J'ai également voulu insérer un épisode du stalag VI A concernant les prisonniers Russes. Une confirmation de ce qu'ils enduraient. Le traitement ne devait pas être différent au XII D…

Ce récit a été récupéré sur WWW.stalagvia-16032.com fichier à extension odt. (www.stalagvia-16032.com/.../Captivité-par-Tanguy-de-Courson.odt).

Le site http://leforest.info/post/2007/01/23/Tanguy-de-Courson-officier-de-liaison-a-Leforest-39-45 brosse son itinéraire...

(Les sites "vont et viennent". Pour le premier je ne retrouve plus Tanguy, pour le second, c'est une page blanche ! Recherchez si le coeur vous en dit, seuls les perspicaces trouvent...)

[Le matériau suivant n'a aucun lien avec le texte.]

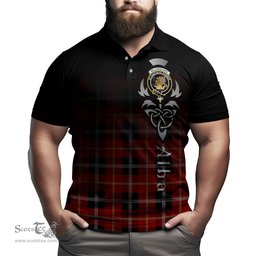 ScotsTee Shop Scottish Majoribanks Clan Crest Tartan Polo Shirt Featuring Alba Gu Brath Scotland Forever and Ever Celtic Cross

"Agent de liaison avec le 98th Field Regiment R.A. Surrey and Sussex Yeomany Queuen Mary’s Regiment : Guerre et captivité.

Il s'agit d'un témoignage direct recueilli en 1993 :

Ancien Ambassadeur de France, notamment au Zaïre, au Congo et en Norvège, le Comte Tanguy de Courson de la Villeneuve était, à la mobilisation en 1939 attaché au Consulat Général de France à Londres.

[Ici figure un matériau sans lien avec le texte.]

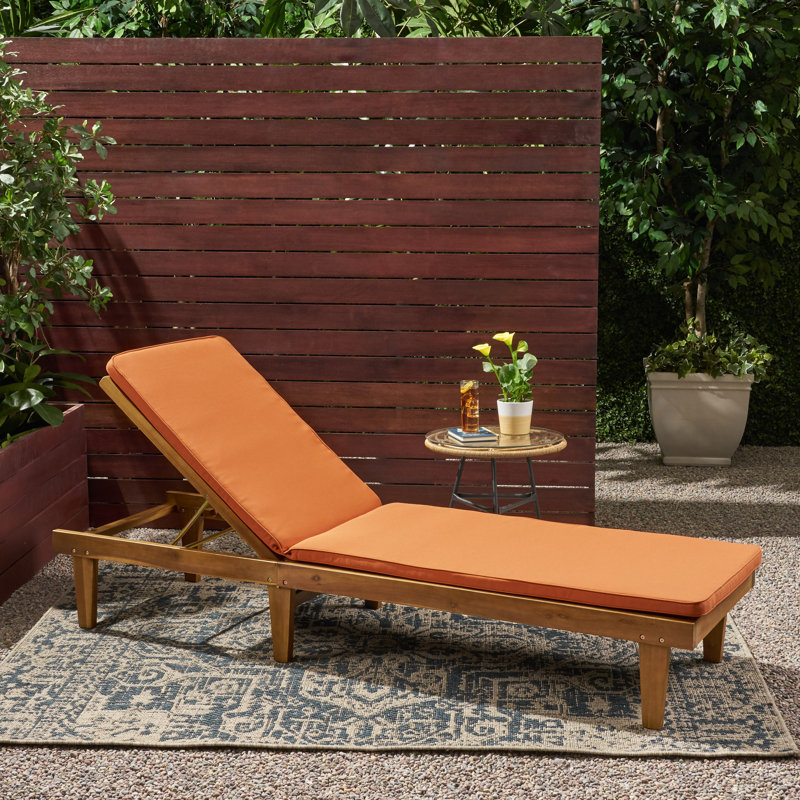 Chaise longue inclinable avec coussin Moulton, Coussin orange cadre/rouille teck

Versé à la Mission Française de Liaison auprès de l’Armée Britannique, il est affecté comme officier de liaison et interprète à un régiment de l’artillerie anglais jusqu’au 28 Mai 1940 où il est fait prisonnier au moment où le régiment essayait de regagner l’Angleterre.

"Ces notes ont été rédigées dans le seul but de fixer le souvenir d’une période de ma vie qui, pour moi, fut importante. Elles ont été écrites au fil de ma mémoire sans que j’ai tenté de leur donner un plan quelconque.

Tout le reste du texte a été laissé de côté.